Property for sale in Nice, France
What worries me about these arguments, however, is that they're missing a point that's very similar to yours here: these high-performance key-value databases can be implemented as features in an RDBMS. Basically, if you have a technology that allows some limited type of database to be distributed across tons of nodes and to be queried really fast, well, that's a kind of limited-functionality materialized view with a special engine to access it. So put it in as a subsystem to the full RDBMS, and use your plain old full-featured relational engine as the system of record that solves the concurrent transactional update and data integrity problems, and have it also push out the deltas to the specialized store that supports the the high-performance distributed querying.

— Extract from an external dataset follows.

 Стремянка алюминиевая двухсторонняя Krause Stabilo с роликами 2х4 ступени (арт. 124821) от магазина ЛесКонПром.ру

Nobody is denying that there are many applications where you don't need all that the relational model provides, and that those applications can be made to perform faster by not providing certain features. What people repeatedly fail to understand is that this is not a refutation of the relational data model, because it is a logical and general data model that's capable of modeling the data in such applications, and does not dictate the implementation.
Are you adequate?
We need to stop referencing data by where it is and start referencing it by what it is.
You say that without any explanation of your apparent position that the relational model requires you to reference data by "where it is".
You seem to think that the semantics of your system are somehow richer -- providing "information" rather than "data".
Do you even know what a relation is?
Social scientists are inspired by theories; scientists are humbled by facts.